Cette arrestation répond à la volonté du gouvernement de Vichy d’appliquer le décret du 4 octobre 1940 associé au statut des juifs, donnant aux préfets le pouvoir d’interner les « étrangers de race juive » dans des camps spéciaux. Dresser une liste de personnes à arrêter, en connaître l’âge, l’adresse, le sexe et la profession est rendu possible par le recensement, ordonné le 27 septembre 1940 par l’administration militaire allemande et réalisé par la Préfecture de police. Fin avril 1941, il ne reste qu’à trouver un emplacement pour établir ces « camps spéciaux » dans la zone occupée. Les camps Pithiviers et Beaune-la-Rolande avaient initialement été créés en 1939, pour rassembler des réfugiés et prisonniers de guerre. Le 14 mai 1941, leur fonction est détournée avec l’arrivée, largement photographiée, de ces 3 700 hommes juifs étrangers internés dans les camps du Loiret. Les photographies seront diffusées dans la presse collaborationniste. Que cherchent-elles à montrer : le juif piégé en manteau et chapeau, qui, le matin-même, se rendait à une convocation ; l’étranger puni qui a abusé de l’hospitalité du pays et l’a conduit à la défaite ? Le lendemain, Le Matin publie un article sous le titre : « Paris débarrassé de  nombreux juifs étrangers ». Le quotidien antisémite La France au travail écrit, quelques jours après, un compte-rendu de visite aux camps intitulé : « J’ai vu des juifs travailler ». C’est également pendant ces premiers jours de l’internement qu’est prise la fameuse photographie visible dans Nuit et Brouillard, sorti en 1956, censurée pour ne pas laisser apparaître l’uniforme du gendarme français qui surveille le camp de Beaune-la-Rolande.

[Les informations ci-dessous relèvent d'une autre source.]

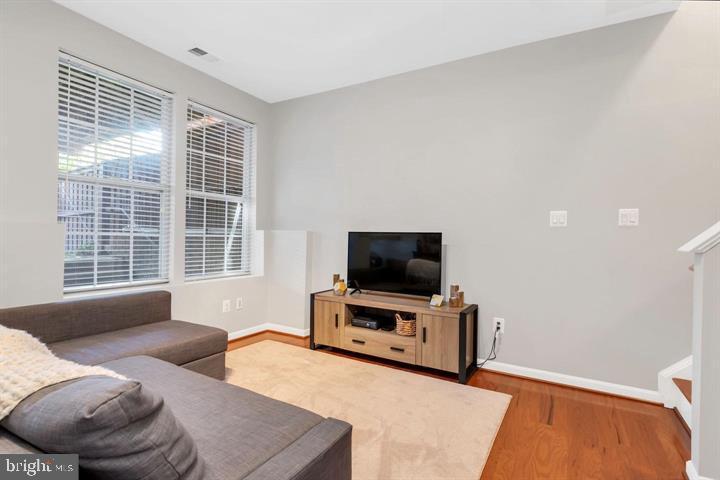 SIGNATURE AT BROADLANDS - Residential Lease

Les hommes sont enregistrés un à un à leur entrée dans le camp. Sur leur fiche individuelle, les données, semblables à celles du recensement, sont rapportées et accompagnées d’un numéro de matricule et numéro de baraque, qui constituent les nouvelles coordonnées de l’interné. A la mention « motif d’internement » au dos de la fiche, on lit parfois sur les fiches de Beaune-la-Rolande : « en surnombre dans l’économie nationale ».

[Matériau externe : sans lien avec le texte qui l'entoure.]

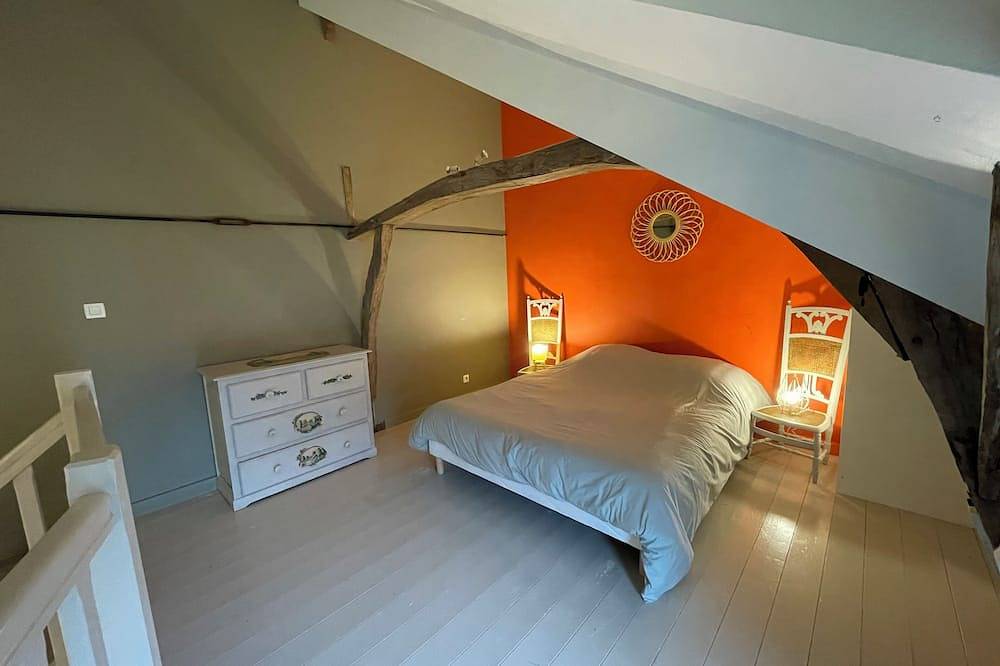 Appartement entier, Le petit Pavillon, situé au coeur des vignobles d’Anjou entre Angers et Saumur in Tuffalun, Vallée de la Loire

Ces camps sont ouverts à l’initiative des autorités nazies et placés sous l’autorité de la préfecture du Loiret qui y affecte principalement des gendarmes et gardiens auxiliaires. Ce montage de responsabilités ne manque pas de susciter la perplexité des internés juifs, pour lesquels, malgré une surveillance exclusivement française, la France ne peut représenter une menace. Depuis le camp de Pithiviers, Isaac Schoenberg écrit ceci  à sa fiancée Chana, qui témoigne bien de l’ambiguïté qu’il perçoit de la collaboration : « Nos ennemis sont bizarres : tu demandes au Français, il te répond que c’est l’Allemand qui t’expédie au camp ; tu demandes à l’Allemand, il te répond qu’il n’a rien à y voir. La vérité, c’est qu’ils le font tous les deux, et que le Français cherche à surpasser son maître et le fait très bien ».  Comme l’ont été de nombreux juifs arrêtés au « Billet vert », Isaac Schoenberg est déporté plus d’un an après son arrestation, par le convoi du 25 juin 1942.

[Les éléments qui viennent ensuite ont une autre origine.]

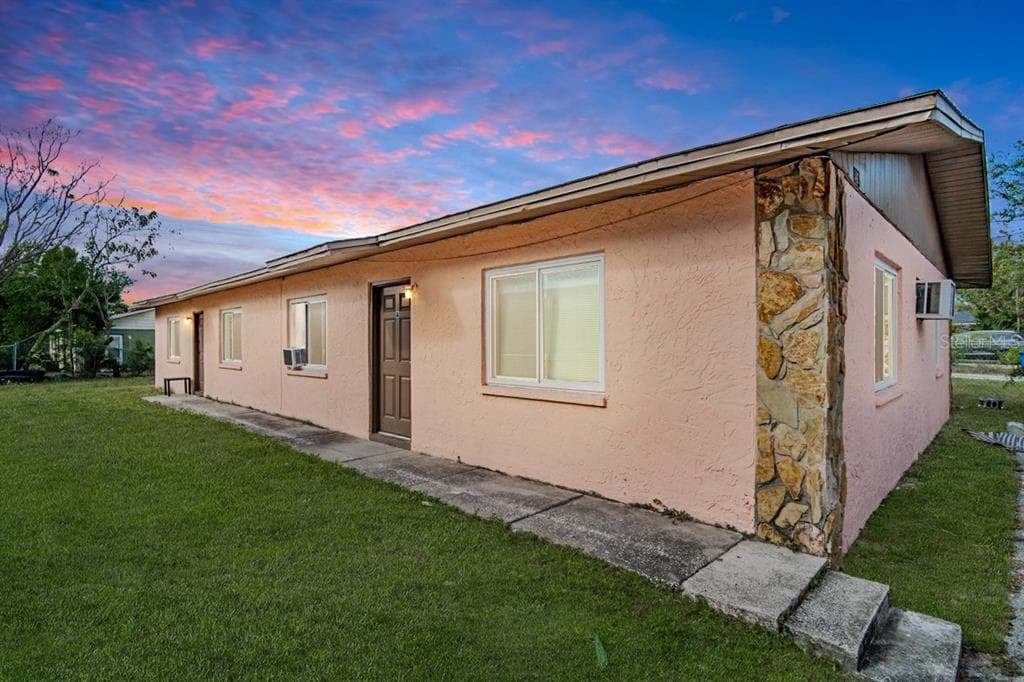 3420 N GARRISON STREET TAMPA, FL 33619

Cette opération du 14 mai 1941 a marqué une nouvelle étape dans l’application des forces additionnées de la Préfecture de police et des autorités allemandes. Elle sera suivie d’autres vagues d’arrestations en 1941, auxquelles succèdent la déportation des internés et de nouvelles rafles de juifs en zone occupée et zone libre à partir de 1942.